Selectively Answering Ambiguous Questions
- URL: http://arxiv.org/abs/2305.14613v2
- Date: Wed, 15 Nov 2023 02:15:02 GMT
- Title: Selectively Answering Ambiguous Questions
- Authors: Jeremy R. Cole, Michael J.Q. Zhang, Daniel Gillick, Julian Martin
Eisenschlos, Bhuwan Dhingra, and Jacob Eisenstein
- Abstract summary: We find that the most reliable approach to decide when to abstain involves quantifying repetition within sampled model outputs.
Our results suggest that sampling-based confidence scores help calibrate answers to relatively unambiguous questions.
- Score: 38.83930394700588
- License: http://arxiv.org/licenses/nonexclusive-distrib/1.0/
- Abstract: Trustworthy language models should abstain from answering questions when they
do not know the answer.
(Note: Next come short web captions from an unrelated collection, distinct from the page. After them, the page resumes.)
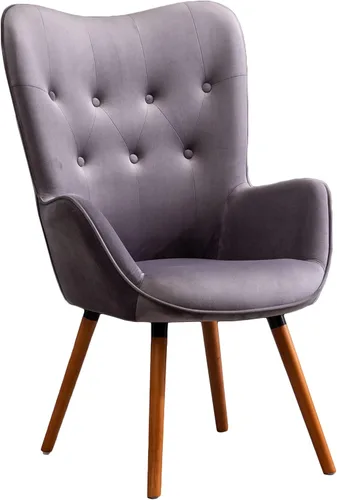 Miniatura 12 de Roundhill Furniture - Silla decorativa doarnin contemporánea de terciopelo sedoso con respaldo de botones, Tela, Chocolate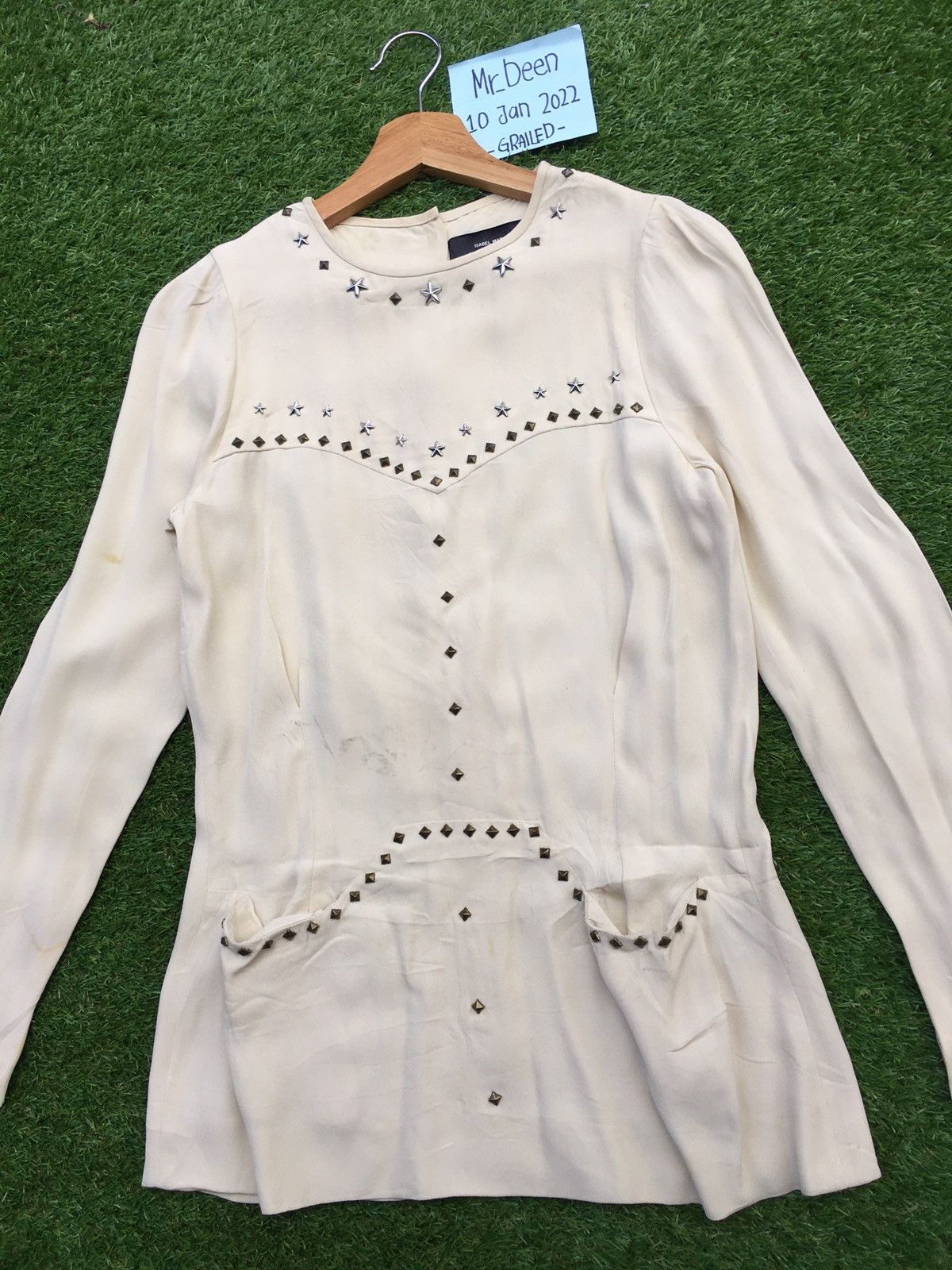 Isabel Marant Vintage Isabel Marant Studded Blouse Size S / US 4 / IT 40 - 4 Thumbnail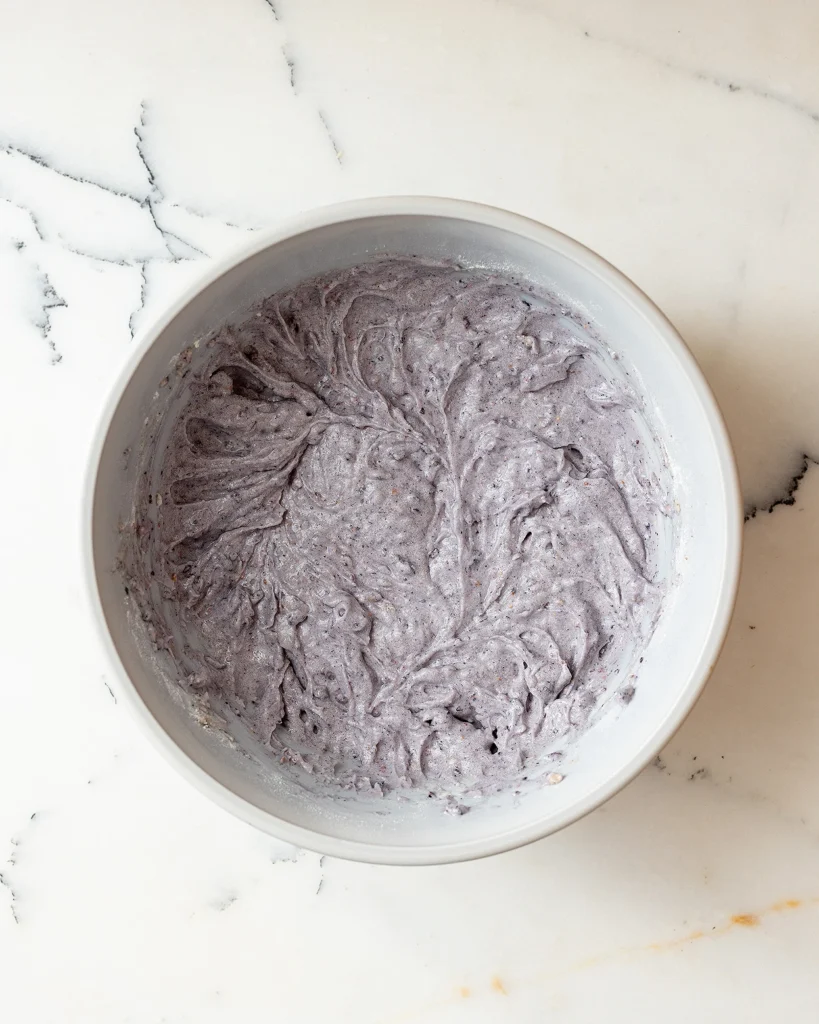 Blueberry cake batter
However, the answer to a question can be unknown for a
variety of reasons. Prior research has focused on the case in which the
question is clear and the answer is unambiguous but possibly unknown, but the
answer to a question can also be unclear due to uncertainty of the questioner's
intent or context. We investigate question answering from this perspective,
focusing on answering a subset of questions with a high degree of accuracy,
from a set of questions in which many are inherently ambiguous. In this
setting, we find that the most reliable approach to decide when to abstain
involves quantifying repetition within sampled model outputs, rather than the
model's likelihood or self-verification as used in prior work. We find this to
be the case across different types of uncertainty and model scales,and with or
without instruction tuning. Our results suggest that sampling-based confidence
scores help calibrate answers to relatively unambiguous questions, with more
dramatic improvements on ambiguous questions.